3.1.2. Method validation studies rely on the determination of overall method performance parameters. These are obtained during method development and interlaboratory study or following in-house validation protocols. Individual sources of error or uncertainty are typically investigated only when significant compared to the overall precision measures in use. The emphasis is primarily on identifying and removing (rather than correcting for) significant effects. This leads to a situation in which the majority of potentially significant influence factors have been identified, checked for significance compared to overall precision, and shown to be negligible. Under these circumstances, the data available to analysts consists primarily of overall performance figures, together with evidence of insignificance of most effects and some measurements of any remaining significant effects.
3.1.3. Validation studies for quantitative analytical methods typically determine some or all of the following parameters:
Precision.
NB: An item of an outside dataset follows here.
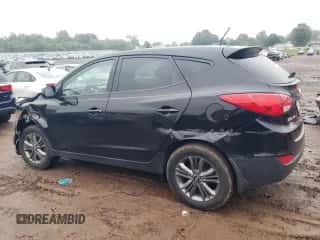 2015 Hyundai Tucson GLS with VIN KM8JTCAF4FU092081, listed as a Copart auction lot 66507524 with 130,014 mi miles and Salvage title. Bid and sale history available at DreamBid. Image 2.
The principal precision measures include repeatability standard deviation sr, reproducibility standard deviation sR, (ISO 3534-1) and intermediate precision, sometimes denoted sZi, with i denoting the number of factors varied (ISO 5725-3:1994). The repeatability sr indicates the variability observed within a laboratory, over a short time, using a single operator, item of equipment etc. sr may be estimated within a laboratory or by inter-laboratory study. Interlaboratory reproducibility standard deviation sR for a particular method may only be estimated directly by interlaboratory study; it shows the variability obtained when different laboratories analyse the same sample. Intermediate precision relates to the variation in results observed when one or more factors, such as time, equipment and operator, are varied within a laboratory; different figures are obtained depending on which factors are held constant. Intermediate precision estimates are most commonly determined within laboratories but may also be determined by interlaboratory study. The observed precision of an analytical procedure is an essential component of overall uncertainty, whether determined by combination of individual variances or by study of the complete method in operation.
Bias. The bias of an analytical method is usually determined by study of relevant reference materials or by spiking studies. The determination of overall bias with respect to appropriate reference values is important in establishing traceability [b.12] to recognised standards (see section 3.2). Bias may be expressed as analytical recovery (value observed divided by value expected). Bias should be shown to be negligible or corrected for, but in either case the uncertainty associated with the determination of the bias remains an essential component of overall uncertainty.
Linearity. Linearity is an important property of methods used to make measurements at a range of concentrations. The linearity of the response to pure standards and to realistic samples may be determined. Linearity is not generally quantified, but is checked for by inspection or using significance tests for non-linearity. Significant non-linearity is usually corrected for by use of non-linear calibration functions or eliminated by choice of more restricted operating range. Any remaining deviations from linearity are normally sufficiently accounted for by overall precision estimates covering several concentrations, or within any uncertainties associated with calibration (appendix e.3).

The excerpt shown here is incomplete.